Because deep subprime securitizations have grown to 38 percent of securitized subprime auto loans in 2018 from only about 11 percent in 2015, S&P Global Ratings explained that its monthly auto loan tracker data includes a modified index to normalize the composition.

The latest monthly update from S&P Global Ratings showed that subprime losses decreased to 9.58 percent in January from 10.15 percent in December and 9.98 percent in January of last year due to lower losses in Santander’s SDART and DRIVE transactions.

Analysts added January recoveries improved year-over-year, from 38.80 percent from 33.56 percent for subprime. S&P Global Ratings pointed out that last January’s subprime recovery rate was negatively affected by GM Financial’s servicing system upgrade.

And speaking of recoveries, that report titled, “The Severity of Subprime Auto Loan Delinquencies Is in the Eye of the Beholder,” continued by touching on more lenient collection policies used by some finance companies. S&P Global Ratings described them as “softer and gentler.”

In some cases, S&P Global Ratings acknowledged these changes are in response to increased regulatory oversight, which has shed light on alleged fair debt collection violations. These relaxed collection practices include calling the delinquent borrower fewer times, refraining from calling the borrower’s references and no longer calling the borrower’s place of employment upon his or her request.

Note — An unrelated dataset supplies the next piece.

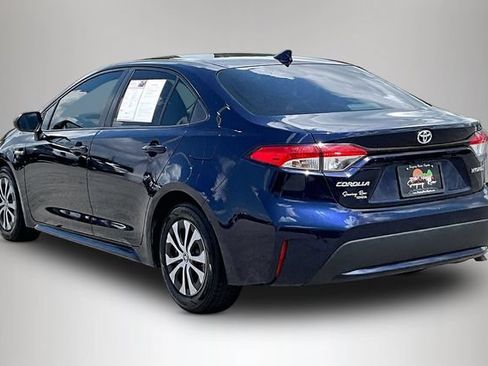 Used 2021 Toyota Corolla LE FWD image 4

“As a result, it sometimes takes longer to arrange a payment plan with the borrower or to locate the vehicle for possible repossession, thereby keeping the account in delinquency status longer,” analysts said in the report. “In other cases, greater tolerance for late payments is due to management supporting the practice that it’s better to keep a delinquent customer who is making payments (albeit late or only partial ones) than to repossess the obligor’s vehicle, which is likely to result in a higher severity of loss.

“Less aggressive collection practices have also contributed, in some cases, to higher extension rates,” they continued. “When granting extensions, however, most lenders do so in a manner that brings the delinquent obligor’s account current. If a delinquent obligor has, however, exhausted the lender’s maximum number of extensions, his/her account would likely be accounted for as delinquent.

“Further, there may be some situations in which an extension does not bring an account current,” they added.

With less intense collection practices, S&P Global Ratings is seeing later repossessions and charge-offs.

“In line with allowing customers more time to resume payments before repossessing vehicles, some lenders have lengthened the time that an account may be delinquent until it is charged off,” the firm said in its report.

“DriveTime did this at the end of 2011, and such action caused a significant rise in their 31-day delinquencies, to 17.9 percent at year-end 2012 from 11.20 percent a year earlier. That said, losses rose only marginally (to 14.0 percent from 13.2 percent),” S&P Global Ratings went on to say.

What do all of the trends and data points mean? Martin summed up the situation this way.

“Indeed, the weighted average expected cumulative net losses on the transactions we’ve rated have grown to approximately 20 percent in 2018 from 12.5 percent in

2011 and, at the same time, ‘AAA’ credit enhancement has increased to approximately 54 percent on a weighted average basis from 36 percent,” Martin said.

“As a result, our outlook for investment-grade subprime auto loan ABS ratings is in a better place than one might assume given the trend in delinquencies,” Martin went on to say while adding this report does not constitute a rating action.